The first thing to know is that this is not a novel – it is a play script.
So that totally immersive experience I get with the Harry Potter novels, where you can practically taste the butterbeer and hear the crackling fire in the Gryffindor common room, is just not really there.
I went into the book not knowing a THING about the storyline, so if you want the same experience, skip the next three paragraphs (although I’ll avoid any spoilers).
The story opens 19 years after the last Harry Potter ended (with the Battle of Hogwarts, where Voldemort is defeated). Harry Potter’s second son, Albus Severus, is off to his first year at Hogwarts, and he’s darn nervous about it, especially since his older brother, James, keeps teasing him that he’ll end up in Slytherin. Harry tries to reassure his son, but their relationship is stilted, to say the least.
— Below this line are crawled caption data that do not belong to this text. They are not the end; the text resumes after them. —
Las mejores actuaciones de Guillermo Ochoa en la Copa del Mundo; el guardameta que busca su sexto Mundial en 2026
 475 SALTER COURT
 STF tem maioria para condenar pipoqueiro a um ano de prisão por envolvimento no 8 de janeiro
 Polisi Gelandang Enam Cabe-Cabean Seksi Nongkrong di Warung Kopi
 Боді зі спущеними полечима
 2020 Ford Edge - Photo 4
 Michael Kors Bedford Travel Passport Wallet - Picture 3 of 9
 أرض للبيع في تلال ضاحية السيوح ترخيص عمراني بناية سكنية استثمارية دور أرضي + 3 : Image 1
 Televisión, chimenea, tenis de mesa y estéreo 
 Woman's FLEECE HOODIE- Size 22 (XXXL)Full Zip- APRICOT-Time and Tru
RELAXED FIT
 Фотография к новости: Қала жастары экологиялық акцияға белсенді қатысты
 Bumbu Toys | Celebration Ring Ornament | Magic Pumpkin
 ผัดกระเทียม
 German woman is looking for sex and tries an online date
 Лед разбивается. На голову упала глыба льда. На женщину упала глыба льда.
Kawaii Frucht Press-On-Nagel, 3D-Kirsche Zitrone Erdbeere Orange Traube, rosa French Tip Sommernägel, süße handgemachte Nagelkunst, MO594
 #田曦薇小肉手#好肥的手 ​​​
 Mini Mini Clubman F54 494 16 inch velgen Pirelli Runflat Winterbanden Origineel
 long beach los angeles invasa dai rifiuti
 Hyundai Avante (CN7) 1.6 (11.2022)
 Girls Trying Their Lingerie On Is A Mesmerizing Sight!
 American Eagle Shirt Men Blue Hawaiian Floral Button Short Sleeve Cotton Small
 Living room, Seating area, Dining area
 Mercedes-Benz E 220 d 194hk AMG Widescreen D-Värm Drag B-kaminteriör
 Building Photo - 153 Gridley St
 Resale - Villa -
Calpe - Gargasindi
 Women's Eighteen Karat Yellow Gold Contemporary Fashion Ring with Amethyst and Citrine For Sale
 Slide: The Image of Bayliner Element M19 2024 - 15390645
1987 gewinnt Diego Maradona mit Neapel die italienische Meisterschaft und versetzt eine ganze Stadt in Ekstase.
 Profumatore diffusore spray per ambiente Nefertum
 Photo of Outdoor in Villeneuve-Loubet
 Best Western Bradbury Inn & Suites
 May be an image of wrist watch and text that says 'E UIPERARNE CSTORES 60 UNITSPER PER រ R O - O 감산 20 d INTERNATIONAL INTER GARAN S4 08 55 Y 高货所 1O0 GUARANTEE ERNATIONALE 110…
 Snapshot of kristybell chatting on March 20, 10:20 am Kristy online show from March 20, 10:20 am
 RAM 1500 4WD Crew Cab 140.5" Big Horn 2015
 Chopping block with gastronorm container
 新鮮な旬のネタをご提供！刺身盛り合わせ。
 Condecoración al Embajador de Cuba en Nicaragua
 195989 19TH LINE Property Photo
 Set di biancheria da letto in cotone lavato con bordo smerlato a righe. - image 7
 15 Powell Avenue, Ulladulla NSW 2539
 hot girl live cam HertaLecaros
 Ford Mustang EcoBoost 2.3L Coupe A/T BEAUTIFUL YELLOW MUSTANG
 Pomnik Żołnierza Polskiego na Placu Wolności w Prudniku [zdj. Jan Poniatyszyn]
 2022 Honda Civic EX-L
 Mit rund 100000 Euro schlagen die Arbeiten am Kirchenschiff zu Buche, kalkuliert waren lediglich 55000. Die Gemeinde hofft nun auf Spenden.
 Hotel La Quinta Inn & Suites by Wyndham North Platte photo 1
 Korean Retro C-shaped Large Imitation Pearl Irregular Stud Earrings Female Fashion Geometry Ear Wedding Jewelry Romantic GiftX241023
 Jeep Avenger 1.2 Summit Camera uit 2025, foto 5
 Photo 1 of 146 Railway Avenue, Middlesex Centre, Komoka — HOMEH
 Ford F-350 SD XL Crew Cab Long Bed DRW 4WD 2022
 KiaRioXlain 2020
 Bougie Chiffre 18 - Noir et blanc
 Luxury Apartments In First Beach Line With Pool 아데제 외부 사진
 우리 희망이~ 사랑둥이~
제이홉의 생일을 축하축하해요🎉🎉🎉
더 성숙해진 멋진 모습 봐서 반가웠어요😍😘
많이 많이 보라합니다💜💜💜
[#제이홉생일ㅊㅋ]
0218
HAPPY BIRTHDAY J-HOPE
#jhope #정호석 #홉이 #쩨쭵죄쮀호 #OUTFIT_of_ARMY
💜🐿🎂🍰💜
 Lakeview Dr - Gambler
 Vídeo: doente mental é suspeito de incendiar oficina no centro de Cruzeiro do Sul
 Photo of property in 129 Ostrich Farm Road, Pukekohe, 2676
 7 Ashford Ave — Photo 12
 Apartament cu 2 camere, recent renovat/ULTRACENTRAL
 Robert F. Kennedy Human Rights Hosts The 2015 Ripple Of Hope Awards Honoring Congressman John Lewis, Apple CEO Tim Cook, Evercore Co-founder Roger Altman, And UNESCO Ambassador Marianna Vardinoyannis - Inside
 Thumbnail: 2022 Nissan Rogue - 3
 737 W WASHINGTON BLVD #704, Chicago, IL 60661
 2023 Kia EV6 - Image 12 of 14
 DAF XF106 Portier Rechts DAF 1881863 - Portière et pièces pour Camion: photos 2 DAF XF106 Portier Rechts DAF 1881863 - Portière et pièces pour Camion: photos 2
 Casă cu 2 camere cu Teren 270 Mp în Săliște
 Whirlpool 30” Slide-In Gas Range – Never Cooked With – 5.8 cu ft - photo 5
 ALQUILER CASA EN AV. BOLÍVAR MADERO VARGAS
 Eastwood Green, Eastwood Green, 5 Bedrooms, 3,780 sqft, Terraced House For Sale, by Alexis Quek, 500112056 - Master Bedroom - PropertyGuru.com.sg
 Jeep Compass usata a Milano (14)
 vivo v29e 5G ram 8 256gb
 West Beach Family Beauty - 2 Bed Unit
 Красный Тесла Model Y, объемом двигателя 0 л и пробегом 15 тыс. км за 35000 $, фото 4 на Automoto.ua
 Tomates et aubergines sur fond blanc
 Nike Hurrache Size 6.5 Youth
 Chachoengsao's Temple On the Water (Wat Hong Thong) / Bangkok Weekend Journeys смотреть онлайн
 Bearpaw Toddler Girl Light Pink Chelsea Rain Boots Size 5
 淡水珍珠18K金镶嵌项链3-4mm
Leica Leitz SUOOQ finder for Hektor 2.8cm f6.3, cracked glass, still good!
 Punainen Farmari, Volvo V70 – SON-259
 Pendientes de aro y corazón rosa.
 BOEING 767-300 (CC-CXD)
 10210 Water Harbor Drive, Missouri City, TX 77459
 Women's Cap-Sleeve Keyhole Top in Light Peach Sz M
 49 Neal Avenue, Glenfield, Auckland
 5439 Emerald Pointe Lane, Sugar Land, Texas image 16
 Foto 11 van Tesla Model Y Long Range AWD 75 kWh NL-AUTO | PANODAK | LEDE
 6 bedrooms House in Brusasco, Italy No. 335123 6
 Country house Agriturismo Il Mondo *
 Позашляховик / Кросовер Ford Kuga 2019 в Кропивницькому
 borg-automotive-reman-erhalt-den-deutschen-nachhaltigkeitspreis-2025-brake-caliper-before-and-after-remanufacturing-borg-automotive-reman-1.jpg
Albus DOES end up in Syltherin, and his Hogwarts experience is pretty dismal, and several years pass as he and Harry are increasingly distant.
And then Albus overhears a conversation between his father and an old old man, and makes the sudden rash decision to take righting some past wrongs into his own hands.
I didn’t notice it at the time, because I was just flying through the story, but afterward, the whole story seems . . . unlikely to me (I know, it’s all magic and made-up anyway, but you know what I mean). In the 7 Harry Potter novels, I never felt like Harry was just looking for adventure; they always found him. Whether his name got added to the Goblet of Fire without his knowledge or Sirius Black seems out to get him, the trouble Harry gets into is never because he just wants to be a hero.
This one, which all comes from Albus’ sudden decision to make a difference, seems much more random to me. And I’ll admit that Albus just wasn’t as likable a protagonist as Harry always was.
Also, Harry Potter has always been the backbone of the series, so it’s a major departure to have him as not quite the main character. You certainly see plenty of Harry, but. . . Albus is definitely the center of the story.
And Harry seems so much flatter to me than he ever was in the original books (my nearly 31-year-old self is cringing at the thought that parents/adults are just much duller than reckless 14 or 15 year olds, at least in fantasy).
It’s an interesting plot because it is a major mix between new characters and plot lines, and familiar characters and stories. I’ve read some reviews saying it feels like fan fiction, and I can absolutely see that. It does have that sort of new/old mashup feeling. I won’t pretend it’s not hugely fun to see familiar characters (Draco Malfoy! Hermione as Minister of Magic! Dumbledore in his picture frames! Ginny and Ron!).
There were some amusing parts, but I didn’t find it as clever or funny as the original series – I think I only really cracked a major smile once.
Still, I’m absolutely glad I read it – it was totally delightful to be back in that world with those characters again, and no one has an imagination quite like J.K. Rowling. If you’re a fan of the original series, it’s just a fun quick dip back into that beloved storyline, brief though it might be.
Mostly I just really am dying to go back and read the whole series again. I’m not planning to read them with Ella until she’s about 8, so I have plenty of time to enjoy them by myself this year and still have a couple more years before we read them together.
And let me tell you, if the stage version ever comes to anywhere remotely near to me, you better believe I’ll do anything short of selling my children to get myself a ticket.